======== Data records

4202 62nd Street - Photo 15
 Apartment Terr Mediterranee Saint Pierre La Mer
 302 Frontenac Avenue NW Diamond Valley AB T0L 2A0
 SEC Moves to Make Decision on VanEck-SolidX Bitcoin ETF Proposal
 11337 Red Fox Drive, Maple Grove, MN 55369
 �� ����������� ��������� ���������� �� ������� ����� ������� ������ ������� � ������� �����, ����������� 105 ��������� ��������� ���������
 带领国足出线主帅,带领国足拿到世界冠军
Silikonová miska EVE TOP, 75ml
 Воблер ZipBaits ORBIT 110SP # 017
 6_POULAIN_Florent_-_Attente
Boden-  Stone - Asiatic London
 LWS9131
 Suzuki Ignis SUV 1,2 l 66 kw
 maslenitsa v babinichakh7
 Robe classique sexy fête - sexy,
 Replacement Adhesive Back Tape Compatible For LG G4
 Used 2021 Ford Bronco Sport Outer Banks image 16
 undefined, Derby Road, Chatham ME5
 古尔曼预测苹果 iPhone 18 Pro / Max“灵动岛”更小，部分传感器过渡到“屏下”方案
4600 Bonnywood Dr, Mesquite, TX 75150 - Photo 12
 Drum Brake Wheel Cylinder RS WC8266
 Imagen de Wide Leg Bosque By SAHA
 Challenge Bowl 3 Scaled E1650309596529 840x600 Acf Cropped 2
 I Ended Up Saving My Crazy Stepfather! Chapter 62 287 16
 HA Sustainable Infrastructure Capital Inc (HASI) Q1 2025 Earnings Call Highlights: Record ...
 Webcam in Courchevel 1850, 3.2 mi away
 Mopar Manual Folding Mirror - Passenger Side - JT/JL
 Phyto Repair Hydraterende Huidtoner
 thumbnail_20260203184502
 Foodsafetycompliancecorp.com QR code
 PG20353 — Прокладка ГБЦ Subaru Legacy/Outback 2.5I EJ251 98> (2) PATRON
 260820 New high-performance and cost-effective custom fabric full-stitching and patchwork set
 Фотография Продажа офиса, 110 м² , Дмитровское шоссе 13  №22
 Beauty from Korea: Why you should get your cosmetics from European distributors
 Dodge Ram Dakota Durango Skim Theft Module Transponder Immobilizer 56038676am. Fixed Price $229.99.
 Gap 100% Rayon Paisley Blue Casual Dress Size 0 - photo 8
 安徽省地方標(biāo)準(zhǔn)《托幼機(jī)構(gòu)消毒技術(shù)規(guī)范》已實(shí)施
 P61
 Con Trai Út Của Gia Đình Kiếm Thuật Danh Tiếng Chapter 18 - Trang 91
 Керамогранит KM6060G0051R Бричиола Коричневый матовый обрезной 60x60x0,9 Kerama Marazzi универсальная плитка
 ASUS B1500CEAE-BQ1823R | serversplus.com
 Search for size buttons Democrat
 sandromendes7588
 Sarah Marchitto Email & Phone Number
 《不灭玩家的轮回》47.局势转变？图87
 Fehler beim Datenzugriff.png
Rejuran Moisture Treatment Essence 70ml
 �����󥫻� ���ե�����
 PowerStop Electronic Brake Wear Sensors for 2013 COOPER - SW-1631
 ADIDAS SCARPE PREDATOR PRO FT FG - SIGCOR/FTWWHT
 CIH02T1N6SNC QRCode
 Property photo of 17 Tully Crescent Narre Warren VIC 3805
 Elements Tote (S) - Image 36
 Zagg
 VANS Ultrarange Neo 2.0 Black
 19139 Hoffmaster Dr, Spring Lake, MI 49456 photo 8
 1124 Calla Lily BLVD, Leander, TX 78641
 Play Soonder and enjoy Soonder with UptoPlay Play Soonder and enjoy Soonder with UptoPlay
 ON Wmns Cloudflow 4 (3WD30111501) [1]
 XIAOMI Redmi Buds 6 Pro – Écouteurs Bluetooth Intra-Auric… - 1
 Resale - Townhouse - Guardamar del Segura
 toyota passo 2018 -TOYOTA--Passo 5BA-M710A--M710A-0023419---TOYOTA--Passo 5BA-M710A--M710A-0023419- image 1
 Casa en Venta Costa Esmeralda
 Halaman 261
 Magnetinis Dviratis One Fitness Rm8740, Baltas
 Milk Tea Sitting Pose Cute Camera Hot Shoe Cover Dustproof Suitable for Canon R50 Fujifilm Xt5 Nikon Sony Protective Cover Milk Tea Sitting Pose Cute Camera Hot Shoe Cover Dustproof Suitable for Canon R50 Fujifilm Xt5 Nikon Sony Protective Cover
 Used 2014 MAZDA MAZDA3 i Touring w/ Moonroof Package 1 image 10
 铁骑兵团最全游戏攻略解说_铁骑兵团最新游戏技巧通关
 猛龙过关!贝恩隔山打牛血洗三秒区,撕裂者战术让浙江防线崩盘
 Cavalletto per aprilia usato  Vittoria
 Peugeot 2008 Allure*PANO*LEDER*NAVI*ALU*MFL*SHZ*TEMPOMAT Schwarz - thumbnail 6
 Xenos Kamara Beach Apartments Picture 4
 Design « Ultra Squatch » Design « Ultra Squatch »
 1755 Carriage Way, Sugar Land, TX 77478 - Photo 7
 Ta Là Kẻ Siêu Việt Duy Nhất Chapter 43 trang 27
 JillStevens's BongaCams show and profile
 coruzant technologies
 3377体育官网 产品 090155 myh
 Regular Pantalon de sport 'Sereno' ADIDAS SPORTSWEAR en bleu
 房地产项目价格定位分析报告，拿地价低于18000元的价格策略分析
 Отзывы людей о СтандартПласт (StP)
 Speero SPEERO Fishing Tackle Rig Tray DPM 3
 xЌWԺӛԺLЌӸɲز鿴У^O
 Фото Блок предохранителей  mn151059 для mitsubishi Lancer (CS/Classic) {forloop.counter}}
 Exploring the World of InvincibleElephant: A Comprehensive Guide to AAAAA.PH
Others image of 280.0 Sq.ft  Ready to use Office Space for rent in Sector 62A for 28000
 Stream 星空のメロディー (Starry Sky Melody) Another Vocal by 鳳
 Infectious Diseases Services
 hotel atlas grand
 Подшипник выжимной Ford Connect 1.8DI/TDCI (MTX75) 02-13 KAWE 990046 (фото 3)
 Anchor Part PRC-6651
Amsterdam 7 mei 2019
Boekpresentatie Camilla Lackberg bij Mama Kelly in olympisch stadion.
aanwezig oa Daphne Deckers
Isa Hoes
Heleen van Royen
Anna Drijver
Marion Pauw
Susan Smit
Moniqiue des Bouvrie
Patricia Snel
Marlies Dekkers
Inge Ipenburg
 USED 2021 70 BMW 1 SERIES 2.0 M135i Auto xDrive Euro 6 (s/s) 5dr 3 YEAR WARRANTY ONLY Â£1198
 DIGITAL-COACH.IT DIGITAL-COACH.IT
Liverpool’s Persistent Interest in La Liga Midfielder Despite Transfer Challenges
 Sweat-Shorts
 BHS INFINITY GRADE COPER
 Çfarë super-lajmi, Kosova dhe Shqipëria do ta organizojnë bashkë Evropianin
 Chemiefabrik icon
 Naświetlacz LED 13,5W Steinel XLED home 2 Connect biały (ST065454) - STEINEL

================

*What is required*
The first line of the entries above and every line after it, up to and including the line with "Фотография Продажа офиса, 110", should be set down exactly.

*Problem solution*
4202 62nd Street - Photo 15
 Apartment Terr Mediterranee Saint Pierre La Mer
 302 Frontenac Avenue NW Diamond Valley AB T0L 2A0
 SEC Moves to Make Decision on VanEck-SolidX Bitcoin ETF Proposal
 11337 Red Fox Drive, Maple Grove, MN 55369
 �� ����������� ��������� ���������� �� ������� ����� ������� ������ ������� � ������� �����, ����������� 105 ��������� ��������� ���������
 带领国足出线主帅,带领国足拿到世界冠军
Silikonová miska EVE TOP, 75ml
 Воблер ZipBaits ORBIT 110SP # 017
 6_POULAIN_Florent_-_Attente
Boden-  Stone - Asiatic London
 LWS9131
 Suzuki Ignis SUV 1,2 l 66 kw
 maslenitsa v babinichakh7
 Robe classique sexy fête - sexy,
 Replacement Adhesive Back Tape Compatible For LG G4
 Used 2021 Ford Bronco Sport Outer Banks image 16
 undefined, Derby Road, Chatham ME5
 古尔曼预测苹果 iPhone 18 Pro / Max“灵动岛”更小，部分传感器过渡到“屏下”方案
4600 Bonnywood Dr, Mesquite, TX 75150 - Photo 12
 Drum Brake Wheel Cylinder RS WC8266
 Imagen de Wide Leg Bosque By SAHA
 Challenge Bowl 3 Scaled E1650309596529 840x600 Acf Cropped 2
 I Ended Up Saving My Crazy Stepfather! Chapter 62 287 16
 HA Sustainable Infrastructure Capital Inc (HASI) Q1 2025 Earnings Call Highlights: Record ...
 Webcam in Courchevel 1850, 3.2 mi away
 Mopar Manual Folding Mirror - Passenger Side - JT/JL
 Phyto Repair Hydraterende Huidtoner
 thumbnail_20260203184502
 Foodsafetycompliancecorp.com QR code
 PG20353 — Прокладка ГБЦ Subaru Legacy/Outback 2.5I EJ251 98> (2) PATRON
 260820 New high-performance and cost-effective custom fabric full-stitching and patchwork set
 Фотография Продажа офиса, 110 м² , Дмитровское шоссе 13  №22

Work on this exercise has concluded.